The Central Bank of Nigeria has concluded its banking sector recapitalization programme with ₦4.65 trillion (about $3.37 billion) raised, but the exercise was driven largely by domestic investors, who accounted for 72.55% of total capital mobilized, compared to 27.45% from international markets.
The recapitalization, launched in March 2024, aimed to strengthen banks’ capital buffers and improve their capacity to support economic activity. However, the dominance of local funding highlights the central role of domestic liquidity in sustaining Nigeria’s financial system at a time when foreign investor participation remains relatively limited.
CBN Governor Olayemi Cardoso said the programme has reinforced the resilience of the banking sector, noting that stronger capital positions will enable banks to better withstand macroeconomic shocks and support growth.
According to the central bank, 33 banks have met the revised minimum capital requirements, with capital adequacy ratios remaining above Basel thresholds of 10% for regional and national banks and 15% for international banks.
Beyond capital levels, the programme also coincided with a gradual exit from regulatory forbearance, signaling a shift toward stricter balance sheet discipline and improved asset quality across the sector.
The relatively modest share of foreign participation comes amid broader macroeconomic challenges, including exchange rate volatility and capital flow constraints, which have shaped investor appetite for Nigerian financial assets in recent years.

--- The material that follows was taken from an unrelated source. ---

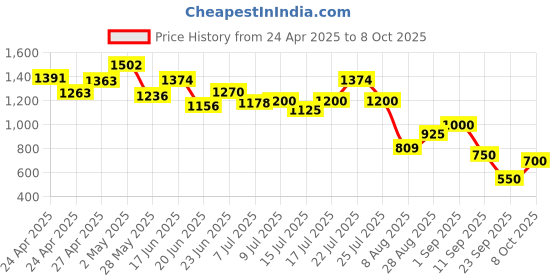 ajio.com bata Men Loafers with Synthetic Upper bata Price History Graph from 24 Apr 2025 to 8 Oct 2025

Nigeria’s banking recapitalization comes at a time when credit to the private sector remains relatively constrained compared to the size of the economy, with bank lending typically accounting for a modest share of GDP relative to peer emerging markets. Despite capital positions, Nigerian banks have historically allocated a significant portion of assets to government securities, attracted by high yields and lower risk, particularly in a high-interest rate environment.